=== Work request ===
Restate word for word the section of the entries that opens at the line containing "Zwinda I. Colón Vélez." and closes at the line containing "Sedat Peker’e ‘Türklük", both lines kept, pictures dropped.

── Working data ──

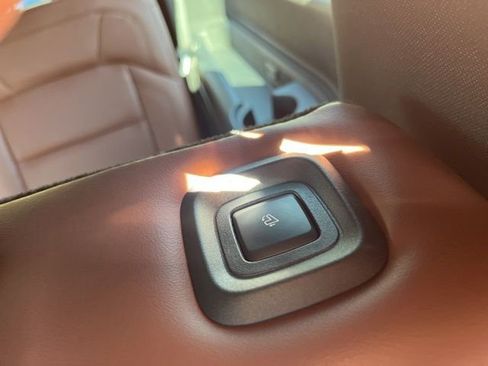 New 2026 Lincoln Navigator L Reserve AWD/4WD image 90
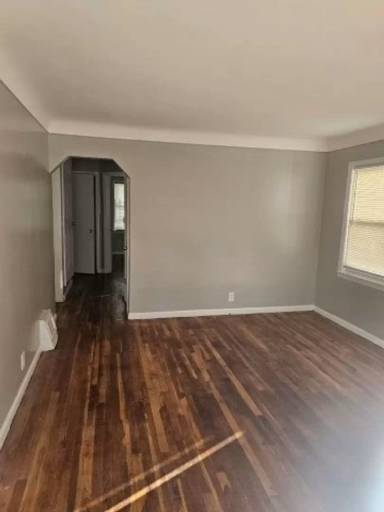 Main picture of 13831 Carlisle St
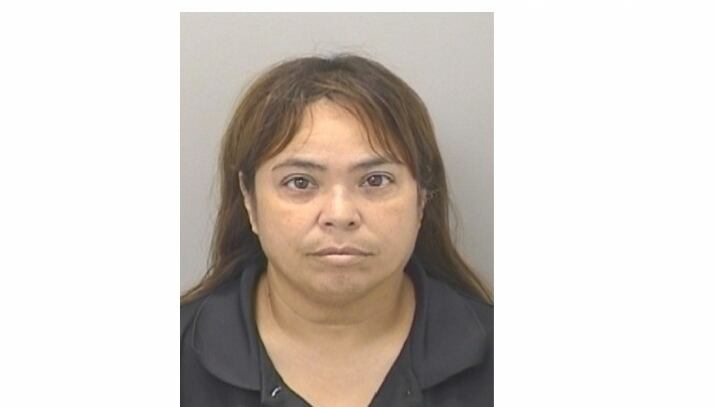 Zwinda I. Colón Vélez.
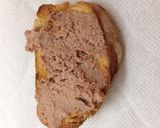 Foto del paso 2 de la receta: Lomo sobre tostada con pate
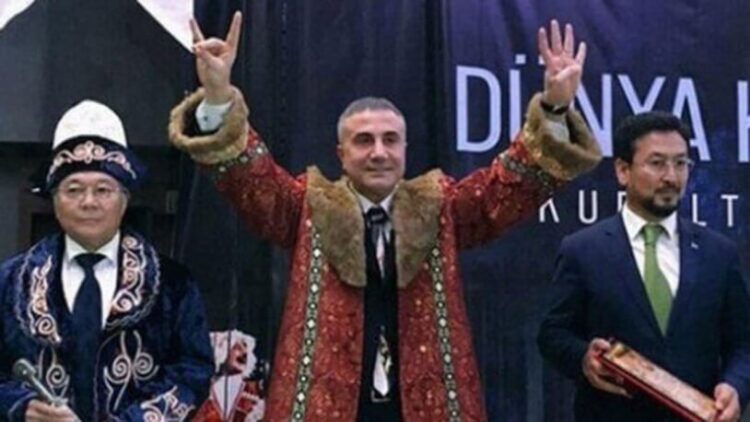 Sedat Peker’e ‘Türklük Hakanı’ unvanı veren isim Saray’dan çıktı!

───
── Working data ──

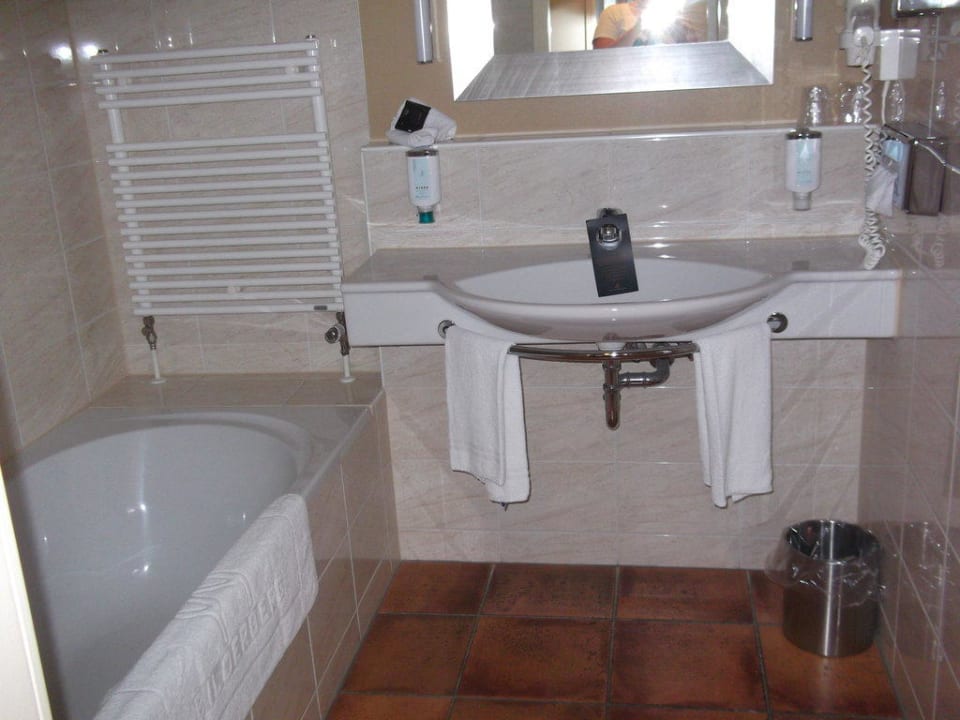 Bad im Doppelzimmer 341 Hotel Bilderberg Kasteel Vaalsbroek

───

=== Task solution ===
 Zwinda I. Colón Vélez.
 Foto del paso 2 de la receta: Lomo sobre tostada con pate
 Sedat Peker’e ‘Türklük Hakanı’ unvanı veren isim Saray’dan çıktı!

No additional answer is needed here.